= Data supplied =
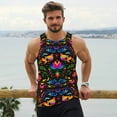 thumbnail image 6 of Zufioo Mexican Flower Traditional1 Print Men's Vest, Sleeveless Quick-drying Muscle T-shirt, Suitable for Sports Fitness, Home Leisure Wear-Medium, 6 of 7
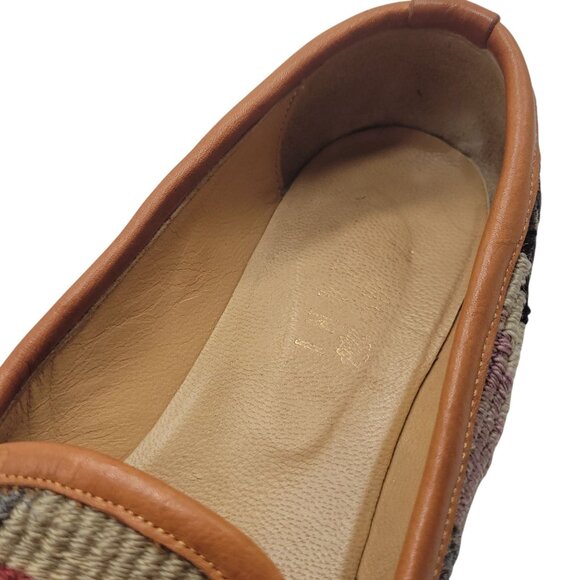 Handmade Turkish Kilim Rug Loafers With Leather Soles & Insides size 40 US 9 - Picture 7 of 16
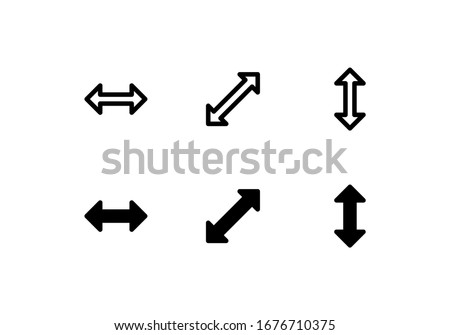 Stretch arrow icon. With outline and glyph style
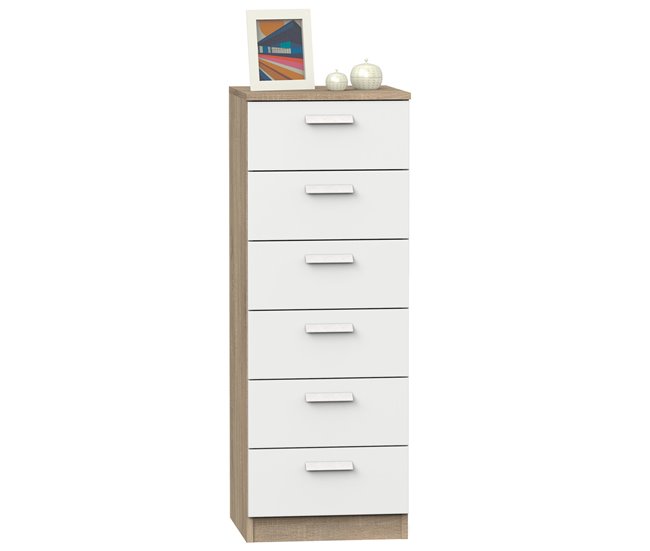 Conforama Briebe Nova Cajonera Dormitorio Sinfonier Alto Cómoda 6 Cajones 110x40x40 cm (Alto x Ancho x Profundo) Blanco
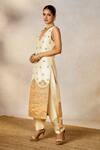 Shop_Masaba_Ivory Heavy Raw Silk Embroidery Floral V Neck The Kalakand Kurta And Salwar Set 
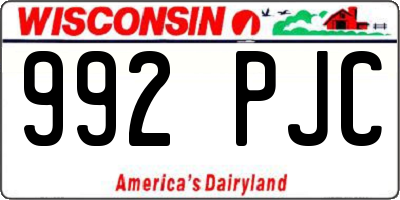 WI license plate 992PJC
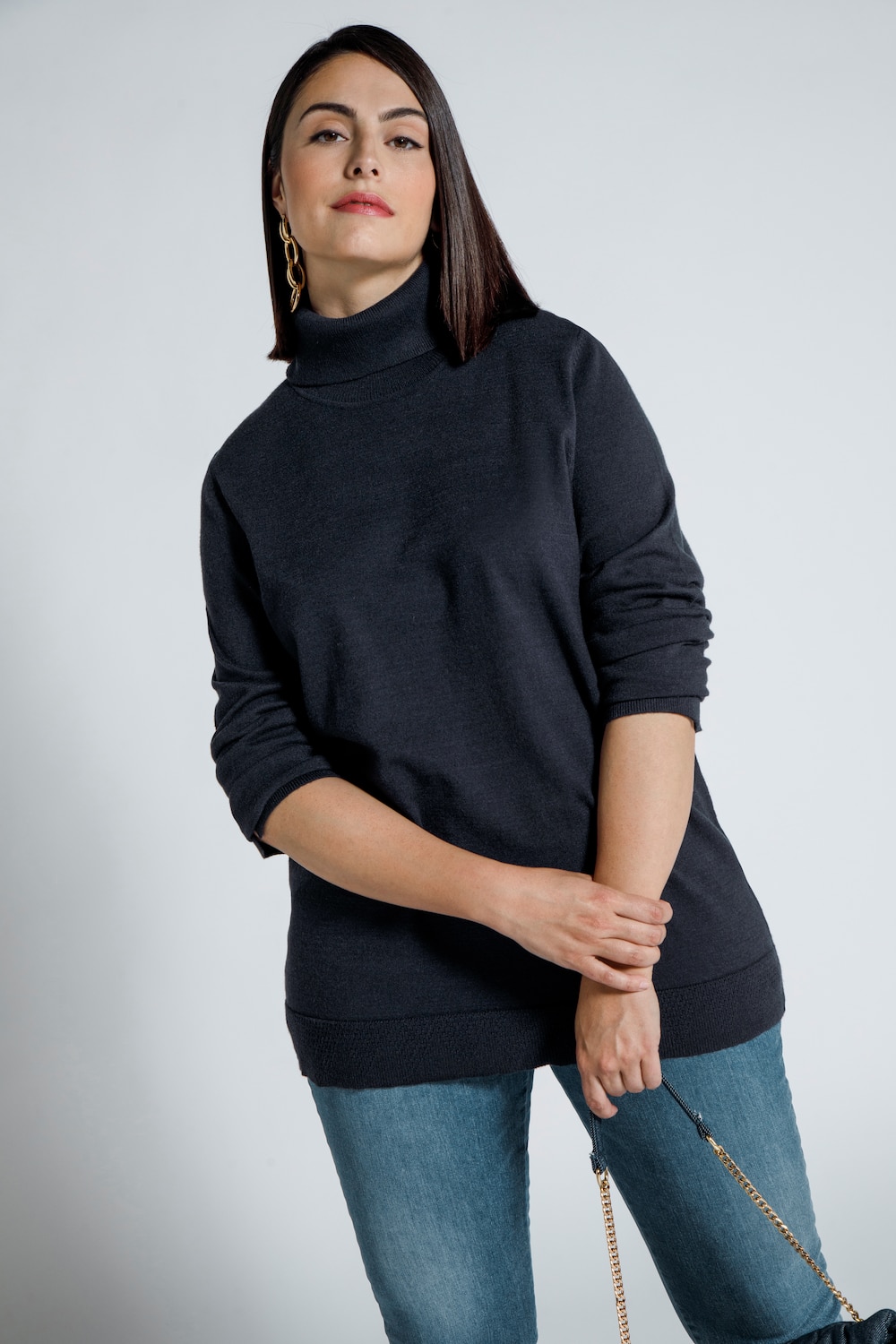 Große Größen Rollkragenpullover, Damen, blau, Größe: 42/44, Viskose/Polyester/Synthetische Fasern, Ulla Popken von Ulla Popken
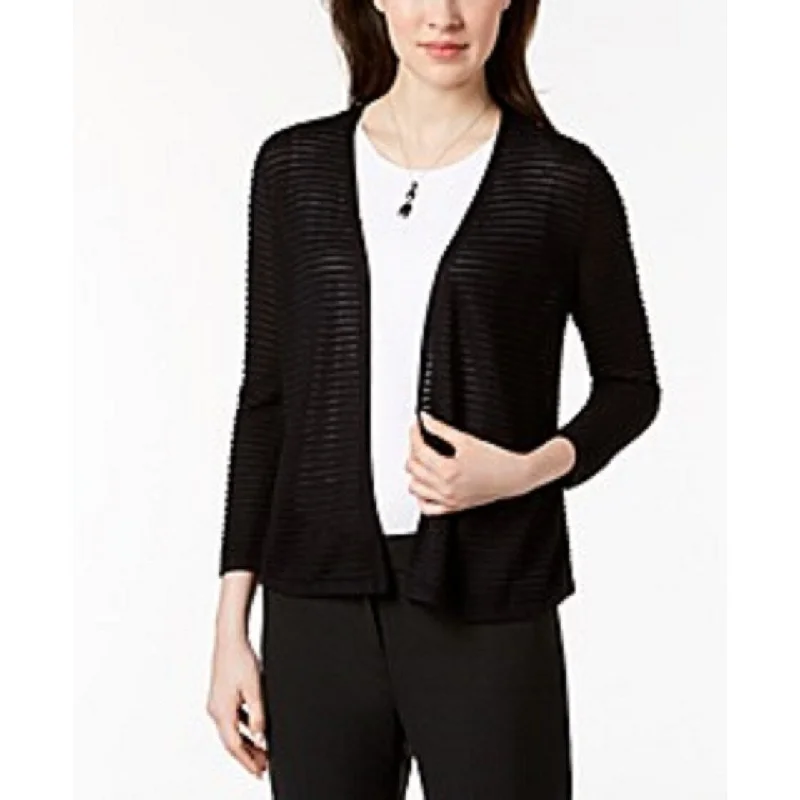 Alfani Women's Textured Ottoman-Ribbed Cardigan Black Size Extra Large - X-Large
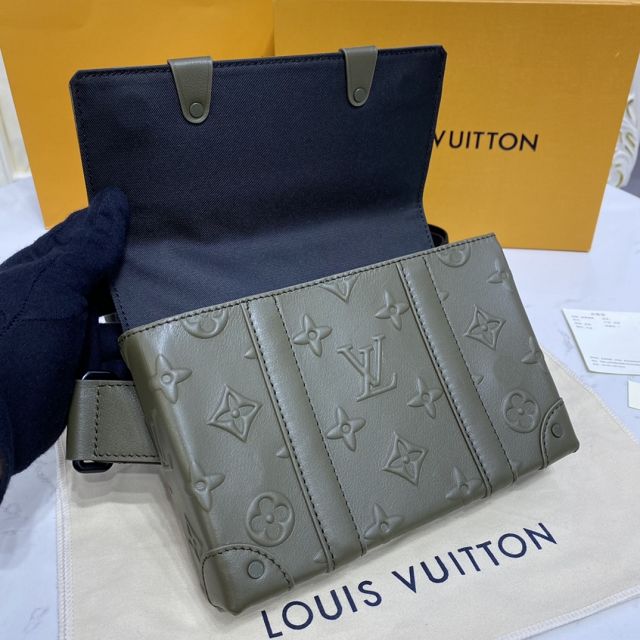  Louis vuitton original calfskin trunk slingbag M57952 green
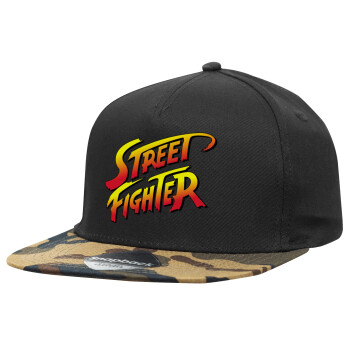 Street fighter, Adult Flat Snapback Hat Black/Camouflage, (100% COTTON TWILL, ADULT, UNISEX, ONE SIZE)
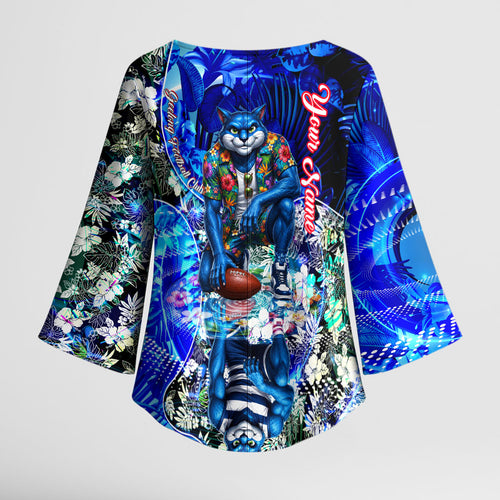 Personalized Geelong Football Cats Kimono Sleeve Blouse Tropical Hibiscus Flowers - Pacific Fusion Style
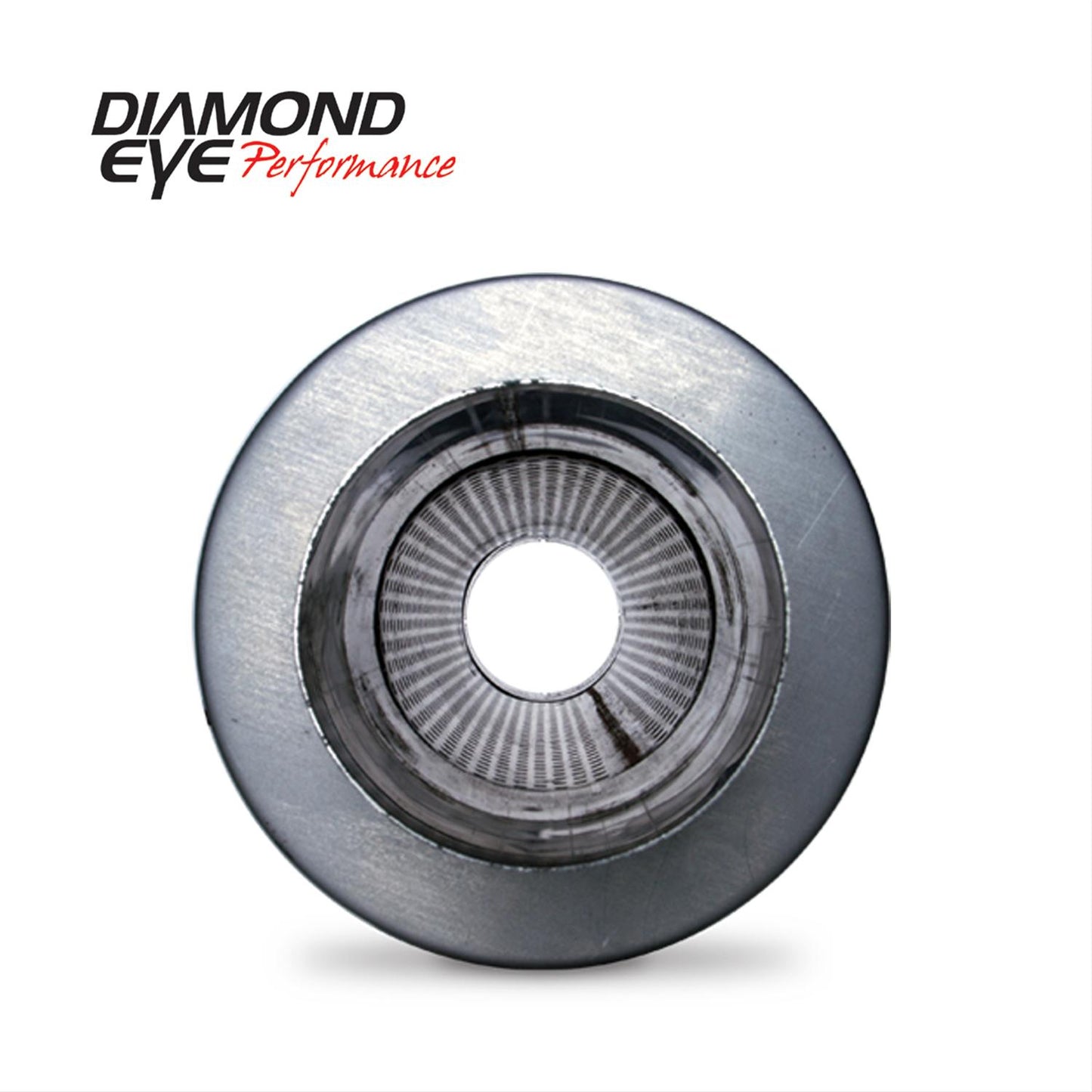 Diesel Muffler 27 Inch Round 5 Inch Center Inlet/Outlet Stainless Performance Perforated Diamond Eye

= Assigned task =
Begin at the line in the entries above that has "von Ulla Popken", stop after the line that has "Personalized Geelong Football", and output exactly those lines without pictures.

= Task output =
 Große Größen Rollkragenpullover, Damen, blau, Größe: 42/44, Viskose/Polyester/Synthetische Fasern, Ulla Popken von Ulla Popken
 Alfani Women's Textured Ottoman-Ribbed Cardigan Black Size Extra Large - X-Large
  Louis vuitton original calfskin trunk slingbag M57952 green
 Street fighter, Adult Flat Snapback Hat Black/Camouflage, (100% COTTON TWILL, ADULT, UNISEX, ONE SIZE)
 Personalized Geelong Football Cats Kimono Sleeve Blouse Tropical Hibiscus Flowers - Pacific Fusion Style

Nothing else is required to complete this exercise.